È stato ascoltato in Corte d’assise a Sassari Cristian Loi, uno degli imputati, con l’accusa di procurata evasione, nel processo relativo alla vicenda di “Johnny lo Zingaro”, ritrovato nel settembre 2020 in località Zinziodda, nell’hinterland turritano, dopo 14 giorni di latitanza. Giuseppe Mastini, questo il vero nome dell’ergastolano, vi si era rifugiato dopo non essere ritornato a Bancali, dov’era detenuto, al termine di un permesso premio.

Un luogo che Loi, ascoltato oggi in udienza, frequentava perché, così ha dichiarato, vi teneva parcheggiati «un camioncino e un escavatore», strumenti di lavoro, grazie al permesso della proprietaria.

Non era il solo, ha riferito, perché quel piazzale era “un porto di mare” dove passavano in tanti.

Si trovava pure, in quella zona, un casale in cui Mastini aveva trovato rifugio e in cui sarebbe stato accompagnato dalla sua compagna, Giovanna Truzzi, anche lei imputata insieme a Lorenzo Panei, assistito dal legale Paolo Spano, e Gabriele Grabesu, il cui avvocato è Marco Palmieri.

«Io - ha dichiarato Loi alla giudice Elena Meloni – non avevo mai sentito parlare prima di quei giorni di Johnny lo Zingaro e nemmeno mai nessuno mi aveva chiesto di aiutarlo».

L’uomo, difeso da Stefano Porcu, ha detto di essersi avvicinato a quella casupola solo per dare da mangiare a un cane, «come tanti altri».

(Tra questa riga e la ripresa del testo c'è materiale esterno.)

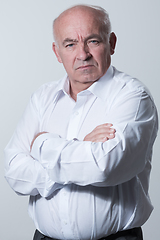 Image showing Confident senior man in white shirt crossing hands on chest and looking at camera while standing against gray background. Self confident senior isolated white studio shoot.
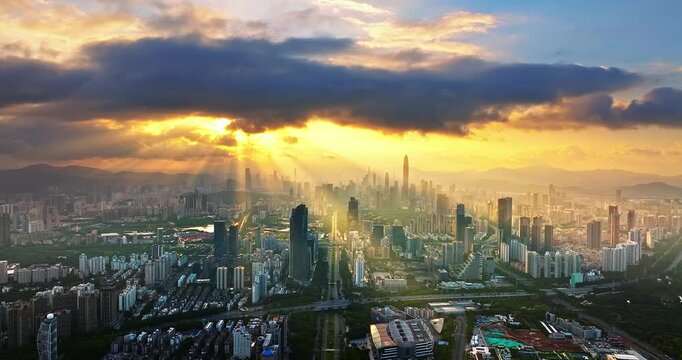 Aerial view of a dense modern skyline with skyscrapers under golden sunlight and sunbeams, Shenzhen, China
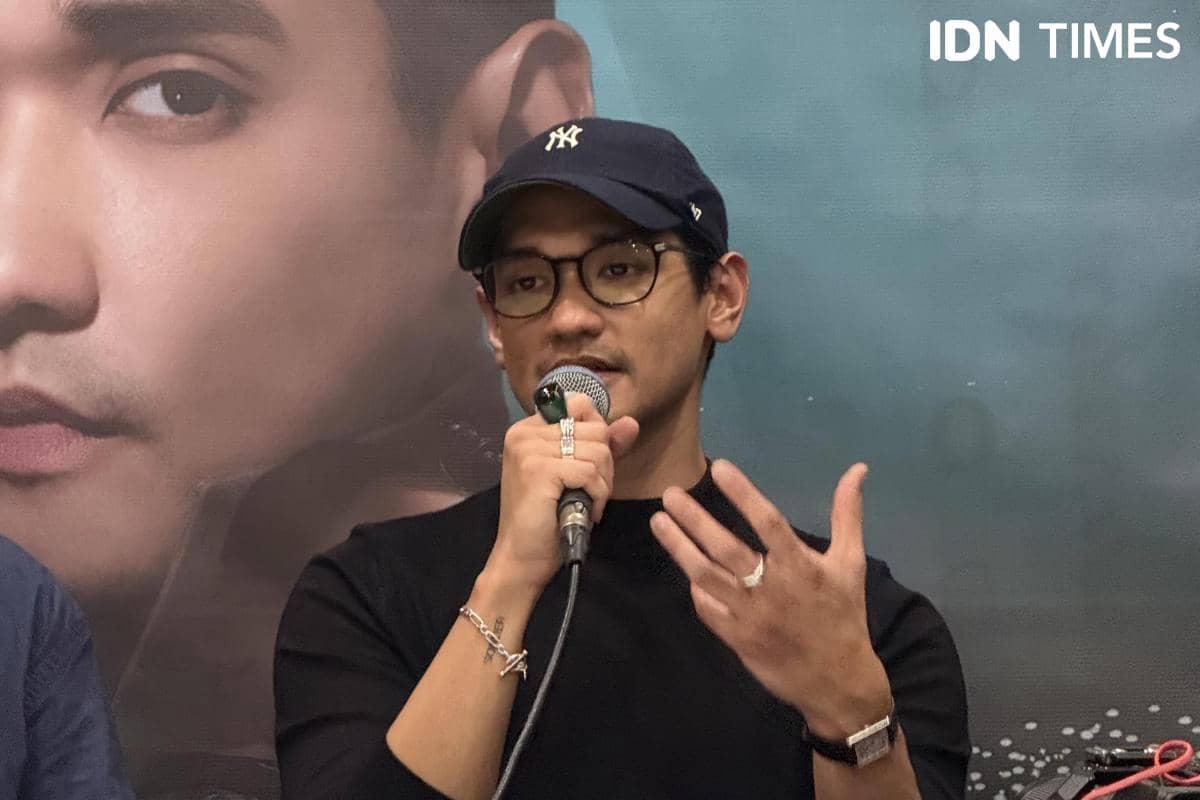 Seorang pria mengenakan topi dan kacamata berbicara sambil memegang mikrofon di depan poster besar wajahnya saat konferensi pers.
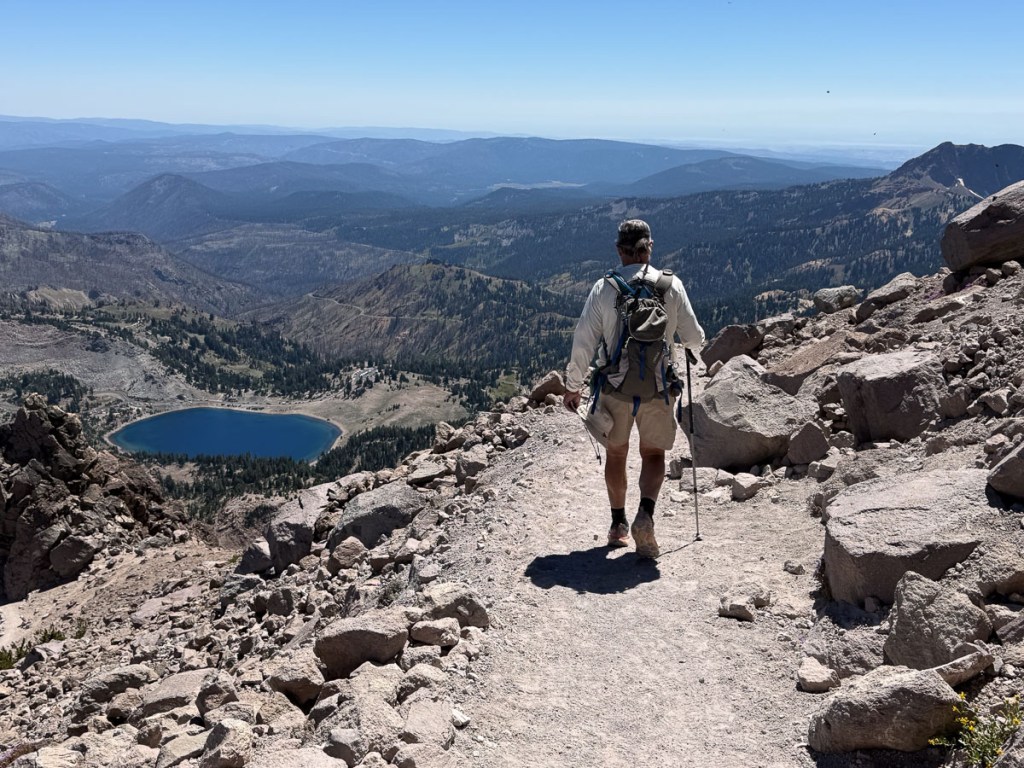 Hiker on rocky trail with blue lake and hills in distance.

Davanti alle domande della pm Enrica Angioni ha poi negato di sapere qualcosa sulla presunta ricerca di una casa con giardino da parte di Grabesu.

La Truzzi, presente in collegamento da remoto, non ha voluto fornire alcuna dichiarazione. In merito al processo la posizione di Mastini è stata stralciata perché, a suo tempo, aveva chiesto un patteggiamento respinto dal gip che ha provocato un suo "sganciamento" dagli altri imputati.